According to NPR, the truck driver ignored numerous warning signs before plowing into the archaeological area across several lines, causing significant damage to the UNESCO World Heritage site. The truck left "deep scars" which damaged three lines. A magistrate decided there was not enough evidence to charge the driver. However, the Nazca's prosecutor's office is appealing the judge's decision.
The Nazca Lines have ignited the world's imagination since they were discovered. The Daily Mail reports that the geoglyphs were first spotted from the air in 1939 when a pilot flew over the Nazca region of the Peruvian coastal highlands. The archeological site stretches more than 50 miles (80 km) between the towns of Nazca and Palpa, 248 miles (400 km) south of Lima, and it has lasted for over 2,000 years. Its size and scope are incomparable to any other group geoglyphs anywhere in the world.
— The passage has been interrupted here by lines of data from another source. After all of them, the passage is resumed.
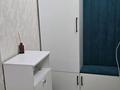 2-бөлмелі пәтер · 49.4 м² · 4/4 қабат, торекулова 73а — сейфуллина макатаева, бағасы: 42 млн ₸ в Алматы, Алмалинский р-н — фото 19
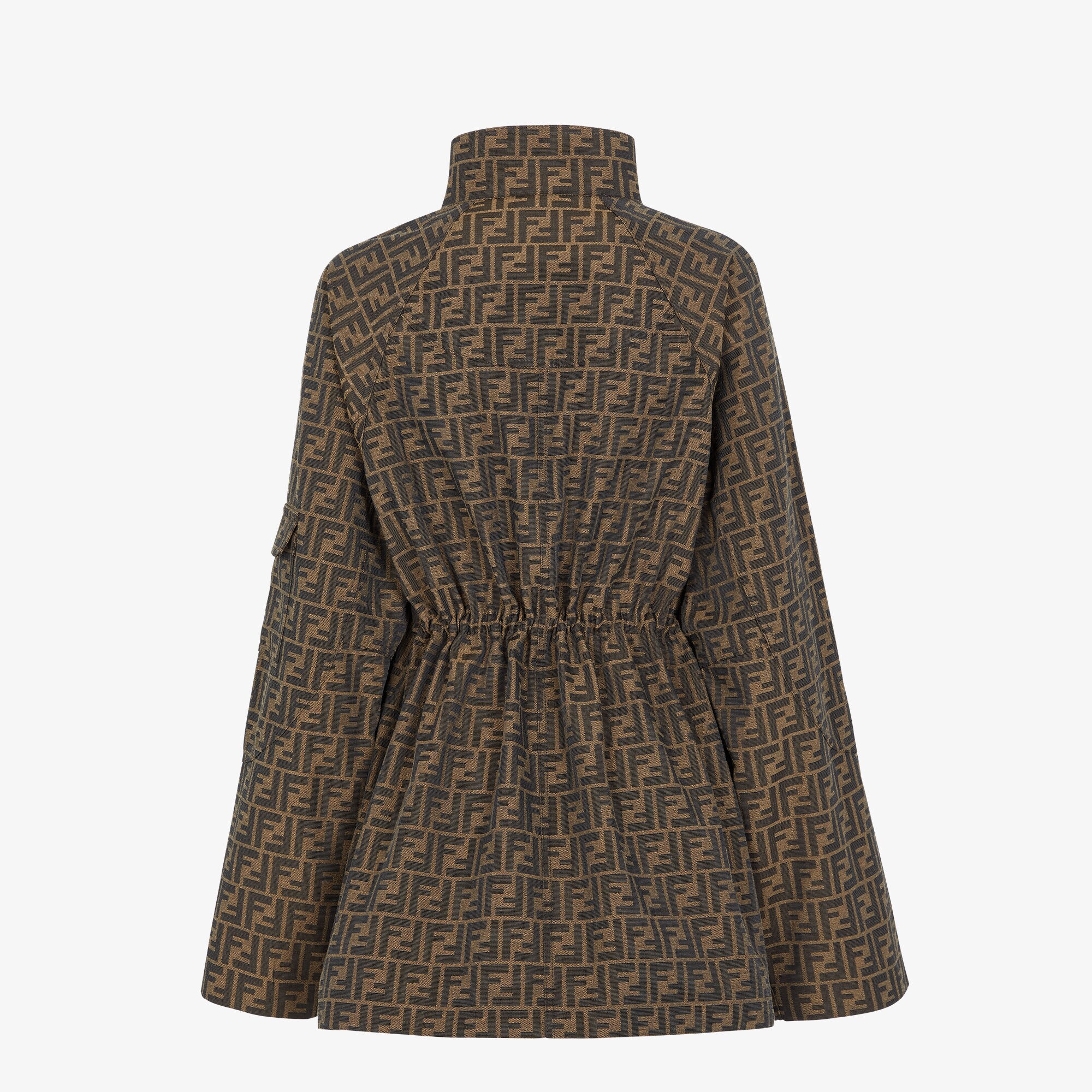 FJ7817A5W3F118W_02?wid=2000&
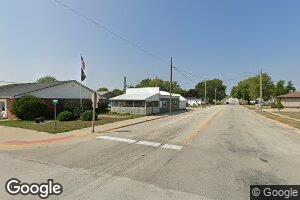 727 Main St, Plainfield, IA 50666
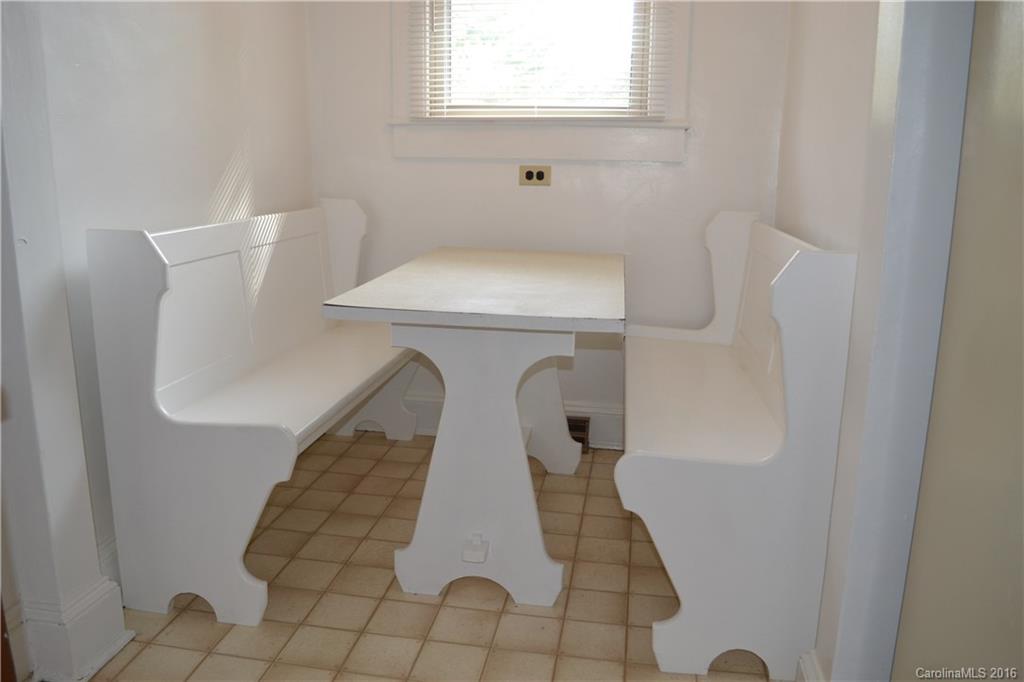 24 Laurel Avenue Asheville NC 28804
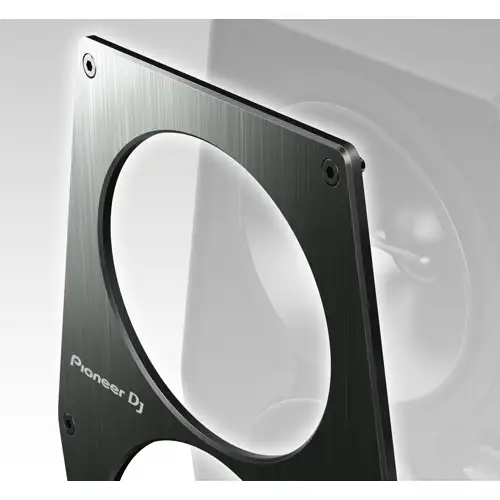 pioneer-dj-vm-50-coppia_medium_image_6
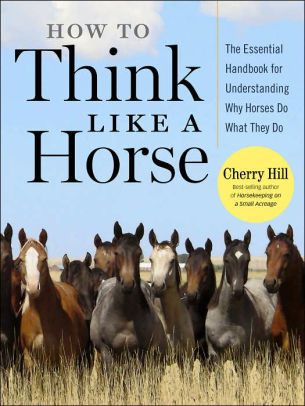 Think Like a Horse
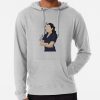 ssrcolightweight hoodiemensheather greyfrontsquare productx1000 bgf8f8f8 5 - Grey's Anatomy Merch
UNESCO described the Nazca Lines as "the most outstanding group of geoglyphs anywhere in the world and it is unmatched in its extent, magnitude, quantity, size, diversity and ancient tradition to any similar work in the world."
There are about 700 geoglyphs in total, divided into two groups. The first group represents natural objects, such as animals, including a whale, a monkey, a dog, a condor, and insects. The second group consists of geometrical figures. And of course, the one that is perhaps the most famous and most intriguing of them all, the geoglyph that resembles an astronaut.
Their mystery has sparked all kinds of theories, such as time travelers or extraterrestrials are responsible for the geoglyphs, or that they are astrological markers.
What we know is that the lines were built by the Nazca people, who predated the Incas by as much as 2,000 years. They flourished for eight centuries in which they treated the desert as an enormous canvas. Using their hands and rudimentary tools, they dug shallow trenches, removing the dark stones and topsoil to reveal the lighter colored earth underneath, creating literally hundreds of enormous lines; the geoglyphs we see today.
We can still see them thanks to the Peruvian environment, one of the driest on Earth. The harsh sun has hardened and set the lines in the clay and gypsum soil.
Unfortunately, the geoglyphs have been invaded before. In 2014, Greenpeace planted a message there in advance of U.N. climate talks in Lima, Peru.